Let's consider a human analogy: a bank. A bank with one person working in it (traditional process) has lots of "bank stuff," such as desks and chairs, a vault, and teller stations (process tables and variables). There are lots of services that a bank provides: checking accounts, loans, savings accounts, etc. (the functions). With one person to do all the work, that person would have to know how to do everything, and could do so, but it might take a bit of extra time to switch among the various tasks. With two or more people (threads), they would share all the same "bank stuff," but they could specialize in their different functions. And if they all came in and worked on the same day, lots of customers could get serviced quickly. To change the number of banks in town would be a big effort (creating new processes), but to hire one new employee (creating a new thread) would be very simple. Everything that happened inside the bank, including interactions among the employees there, would be fairly simple (user space operations among threads), whereas anything that involved the bank down the road would be much more involved (kernel space operations between processes). When you write a multithreaded program, 99% of your programming is identical to what it was before—you spend your efforts in getting the program to do its real work. The other 1% is spent in creating threads, arranging for different threads to coordinate their activities, dealing with threadspecific data, etc.

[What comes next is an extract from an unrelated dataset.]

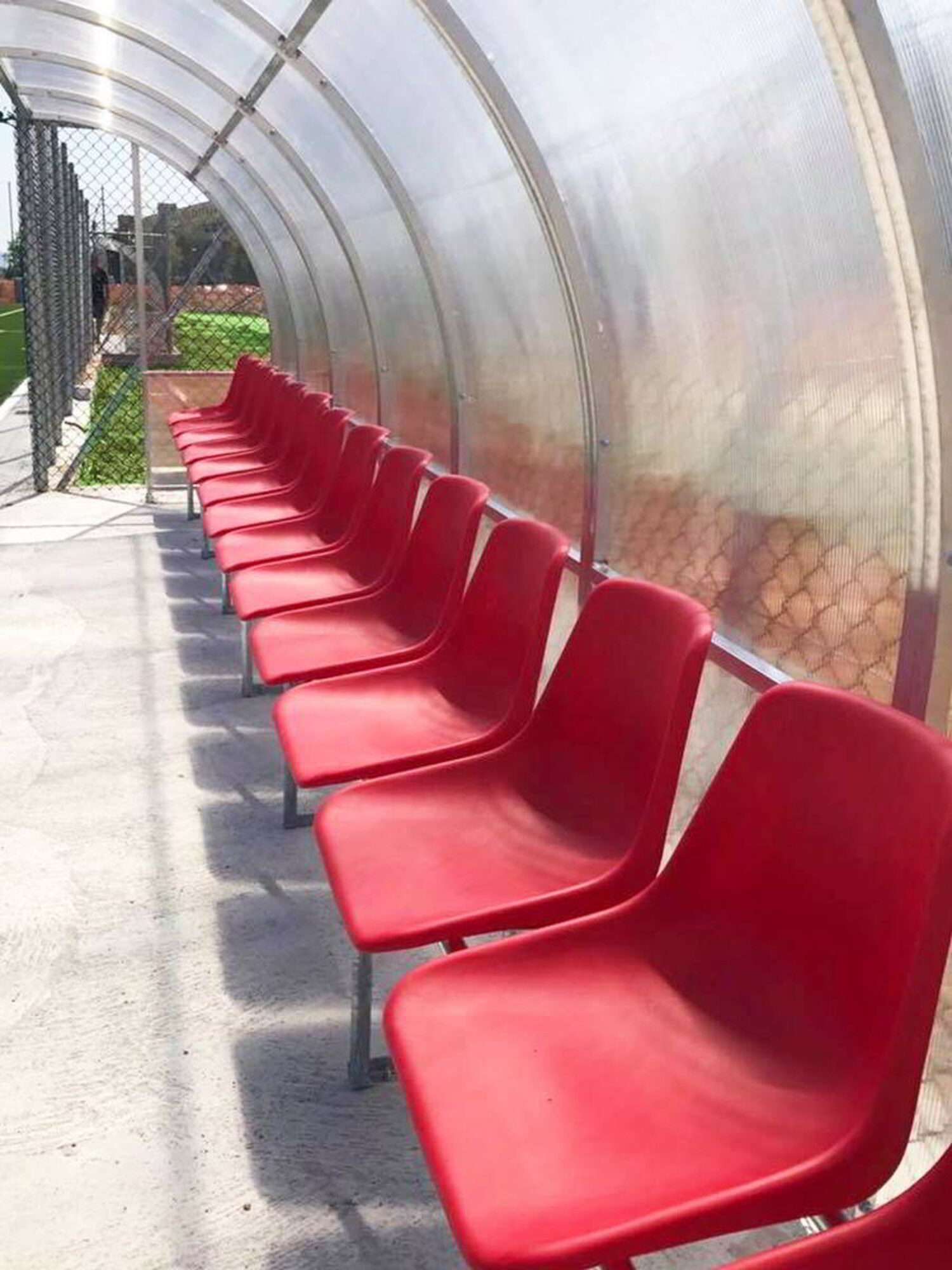 Image du produit : Abri de touche - 6m - 12 sièges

Perhaps 0.1% of your code consists of calls to thread functions.  

Kernel Interaction

We've now covered the basic concept of threads at the user level. As noted, the concepts and most of the implementational aspects are valid for all thread models. What's missing is the definition of the relationship between threads and the operating systems. How do system calls work? How are threads scheduled on CPUs? It is at this level that the various implementations differ significantly. The operating systems provide different system calls, and even identical system calls can differ widely in efficiency and robustness. The kernels are constructed differently and provide different resources and services. Keep in mind as we go through this implementation aspect that 99% of your threads programming will be done above this level, and the major distinctions will be in the area of efficiency. 

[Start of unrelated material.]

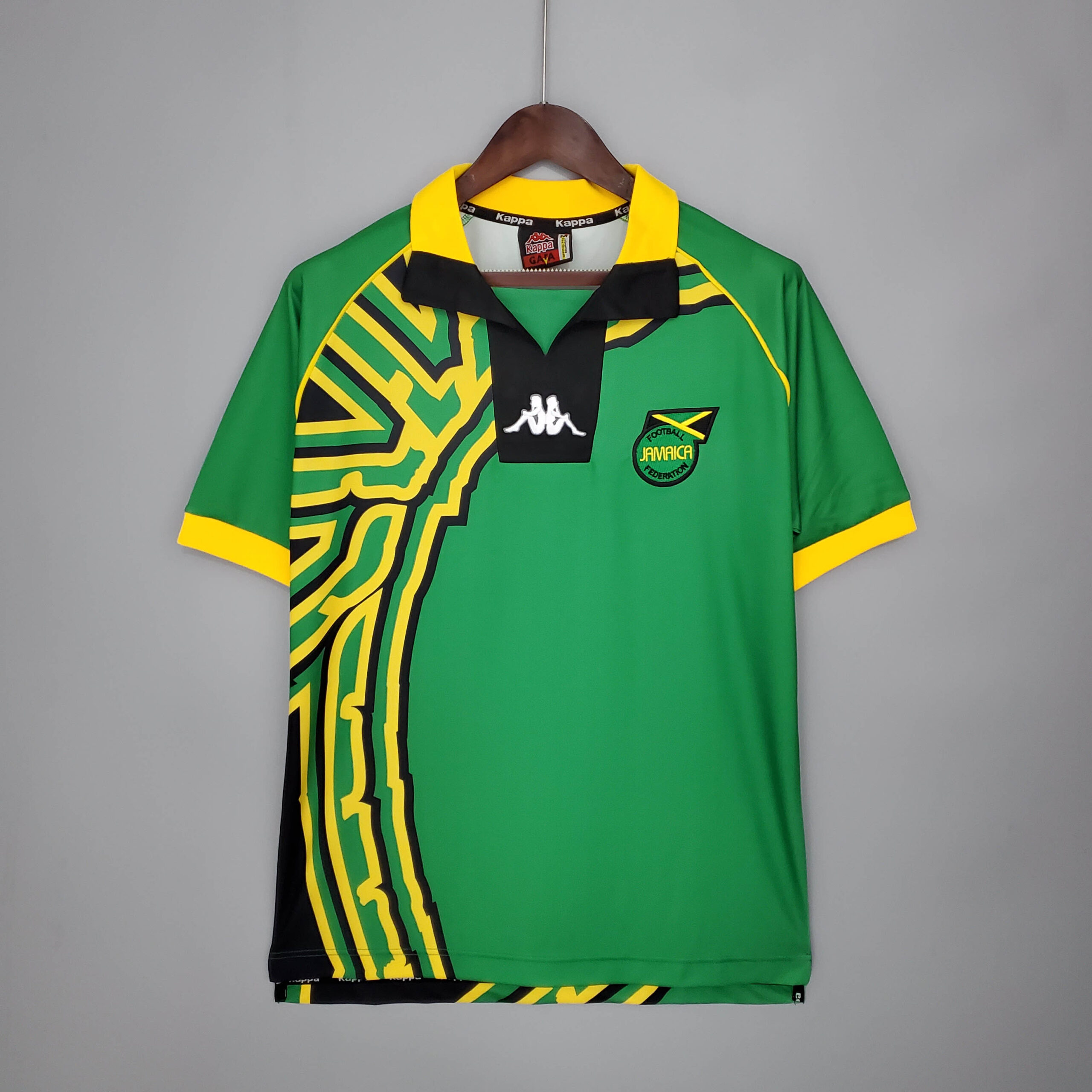 a2a3c0fbfa3557742cbc15af8052a858.jpeg 1998 Retro Jamaica Away Football Shirt 1:1 Thai Quality - Image 1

Concurrency vs. Parallelism 

 Concurrency means that two or more threads (or traditional processes) can be in the middle of executing code at the same time; it could be the same code or it could be different code (see Figure 2-6). The threads may or may not actually be executing at the same time, but rather, in the middle of it (i.e., one started executing, it was interrupted, and the other one started). Every multitasking operating system has always had numerous concurrent processes, even though only one could be on the CPU at any given time.Parallelism means that two or more threads actually run at the same time on different CPUs (see Figure 2-7). On a multiprocessor machine, many different threads can run in parallel. They are, of course, also running concurrently.

The vast majority of timing and synchronization issues in multithreading (MT) are those of concurrency, not parallelism. Indeed, the threads model was designed to avoid your ever having to be concerned with the details of parallelism. Running an MT program on a uniprocessor (UP) does not simplify your programming problems at all. Running on a multiprocessor (MP) doesn't complicate them. This is a good thing. Let us repeat this point. If your program is written correctly on a uniprocessor, it will run correctly on a multiprocessor. The probability of running into a race condition is the same on both a UP and an MP. If it deadlocks on one, it will deadlock on the other. (There are lots of weird little exceptions to the probability part, but you'd have to try hard to make them appear.) There is a small set of bugs, however, which may cause a program to run as (naively) expected on a UP, and show its problems only on an MP (see Bus Architectures).